Guest Blog by Rachel Sellers, Commercial Planning professional-

All too often, when businesses are trying to improve their sales forecasting, reduce inventory holding, or simply improve availability and customer service, the first port of call is to review the forecast accuracy.

Many hours, large sums of money and a serious amount of hard work go into the black hole of improving forecasts; often in the form of experienced analysts, top of the range software, and staff training. After all of that, we often find that forecast fits have indeed improved significantly…..but so what?!

Arguably more important than which forecast method, which system or who is in control of generating forecasts, is to understand HOW your business will use them and what level of review is relevant.

Whilst an accurate forecast can provide significant benefits if managed correctly in line with other areas; it alone will not yield tangible benefits.

Any assessment of forecast accuracy can only be done historically. For an assessment of how accurate a future forecast may be we must rely on the forecast fit.

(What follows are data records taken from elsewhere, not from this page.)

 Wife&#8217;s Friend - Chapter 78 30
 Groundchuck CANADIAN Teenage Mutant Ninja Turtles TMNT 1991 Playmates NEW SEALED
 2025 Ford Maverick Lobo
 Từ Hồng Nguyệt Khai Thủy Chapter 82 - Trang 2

For all future forecasts, the forecast fit is our anticipated forecast accuracy.

The forecast fit is a measure of how well the chosen forecast method ‘fits’ in line with the historic data set. When forecasting sales demand, the forecast fit measures how closely the forecast measures up to actual sales.

Rather than focusing all efforts on improving forecasts, more tangible results will arise if the focus is on the desired outcome. Defining the result you wish to achieve, outlining how you will measure it, and most crucially, understanding what you need to do to better (or to stop doing) will allow you to unleash the power of any forecast improvements.

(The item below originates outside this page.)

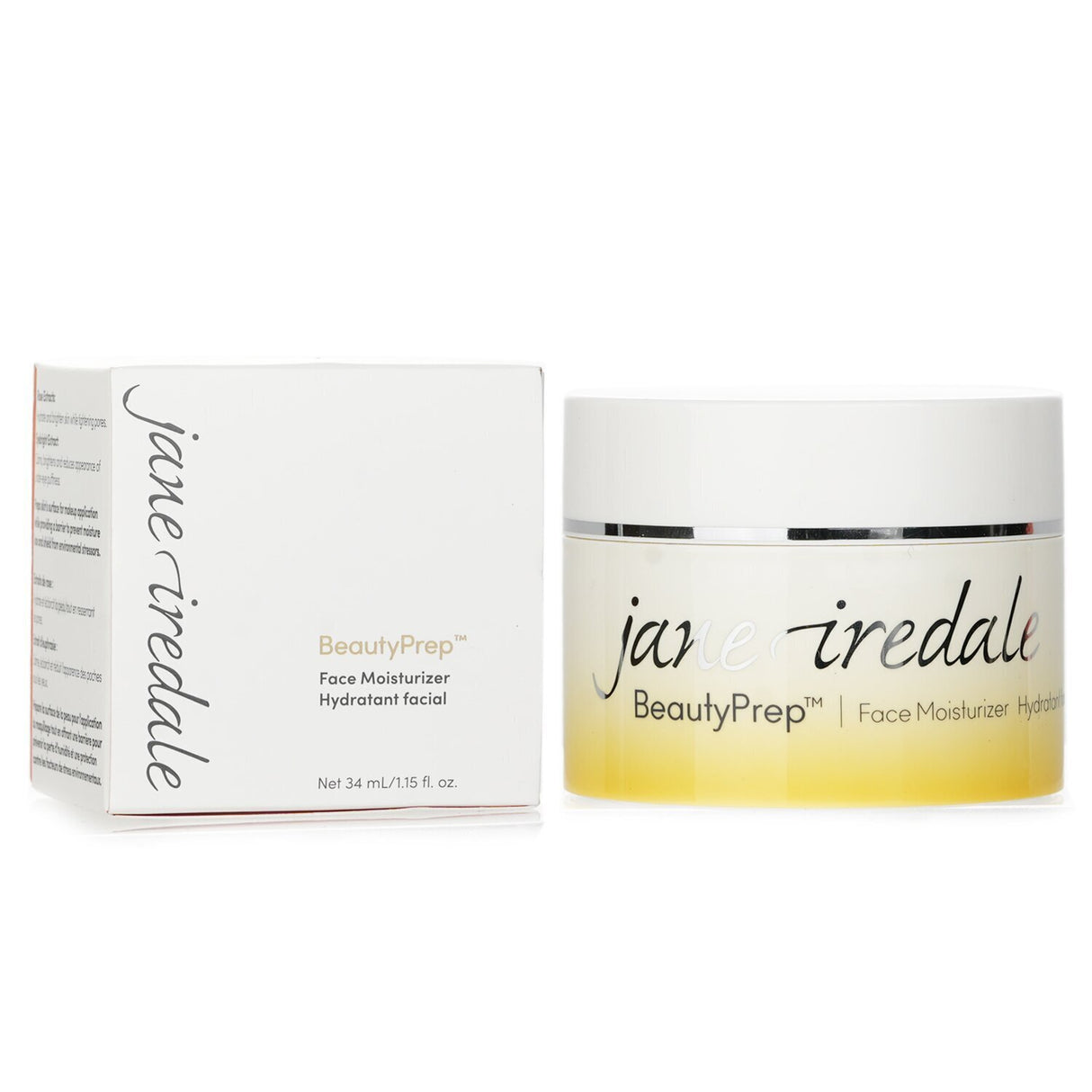 Jane Iredale - BeautyPrep Face Moisturizer - 34ml/1.15oz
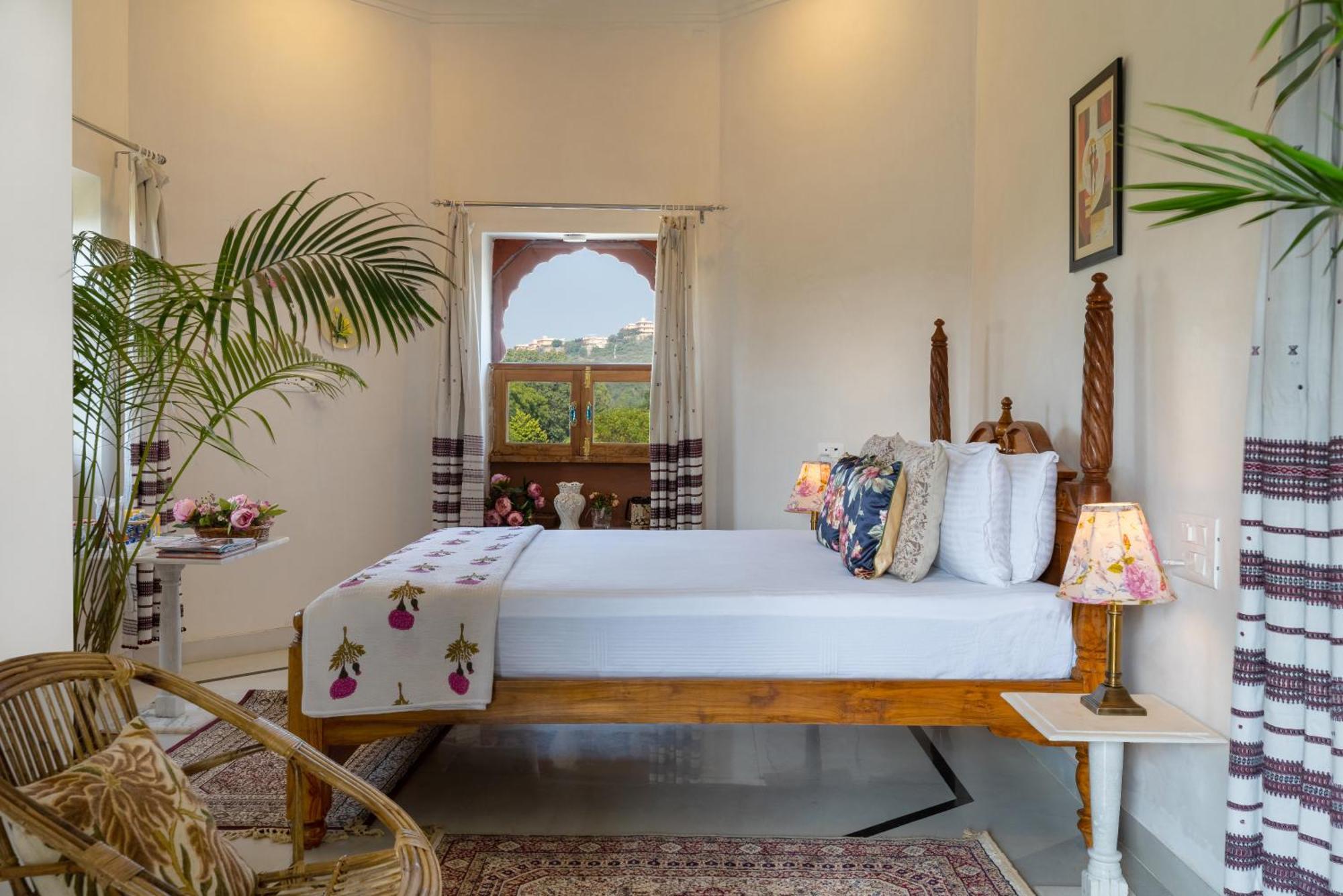 Castle Oodeypore A Boutique Stay ウダイプル エクステリア 写真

The below example, the supply chain of a simple black t-shirt, can demonstrate this more clearly.

  1. A high street retail sales business wants to increase stock availability and sales. In this retailer each end product (SKU) is bought and replenished in isolation.
  2. Each customer visiting the store wants a specific size, colour and style.  In this example our customer wants a black, round neck, jersey t-shirt in a size small.
  3. When forecasting, the high street retailer must decide the level at which forecasts are created.
  4. Forecasting ‘t-shirts’ as a group may give a pleasing, stable forecast with a high level of forecast accuracy, but in practical terms that’s of little help to the end customer. Typically forecasts are disaggregated (or apportioned) to unique SKUs based on historical sales demand. A sudden swing in customer demand; a new colour trend in fashion for instance, could quickly render your SKU forecasts wildly inaccurate using this method.
  5. A forecast against ‘black t-shirts’ may give slightly better detail – but still, each customer will require a suitable size, and will have different tastes as per the style and cut. This secondary level, though more detailed could still lead to out of stocks and lost sales. Where retailers procure in ‘packs’ which give a range of sizes in each (for example 1-XS, 2-S, 3-M, 2-L, 1-XL), this level of forecasting may be sufficient.
  6. This retailer ultimately feels pressure at each unique sales item. Forecasting at SKU level will undoubtedly yield a lower overall forecast accuracy due to the increased volatility we will always find when reviewing granular data and may seem an unappealing option.  However, in order to achieve the target of increased availability and sales, the retailer must be able to have a clear forecast for each SKU.
  7. Further up the supply chain, the manufacturer of the t-shirts will need a slightly different approach to forecasting and planning. The manufacturer too wishes to increase service to its customer (the high street retailer) through better stock availability.
  8. Whilst they will indeed ship variations of size, colour and style, which will ultimately relate to the end customer sales demand, the manufacturer’s forecast for production will need to be relevant to fabric quantities and dyes – their ‘raw materials’. Initial production will focus on getting the colour and fabric quality correct; with size and style of cut taking a less precedence.
  9. The pressure for the manufacturer here comes in ensuring they have the right supply of raw materials for their base product. Converting the base product (black, jersey fabric) into the many finished goods for sale (size small, round neck t-shirt) is impossible without a steady and reliable base forecast of the correct material.
  10. For the manufacturer, their forecasts make sense to be created and measured at the base product level. Getting their requirements of base product more accurate will allow better buying of raw materials to service the demand and drive improved availability of all finished sale items.

Both ends of the supply chain, whilst basing forecast information from the end customer sales demand, need to review, forecast and plan at different levels. The retail store and the manufacturer can group their data differently: managing the forecast as best suits their needs.

Ultimately, getting the most from forecasting is reliant on truly understanding the ‘pinch points’ in your business.

  •  Where do you feel pressure?
  •  Where is the pain or complexity?
  •  Where are you constrained?

Understanding the problem areas in your supply chain will shape how you should best use forecasting and planning to help your business.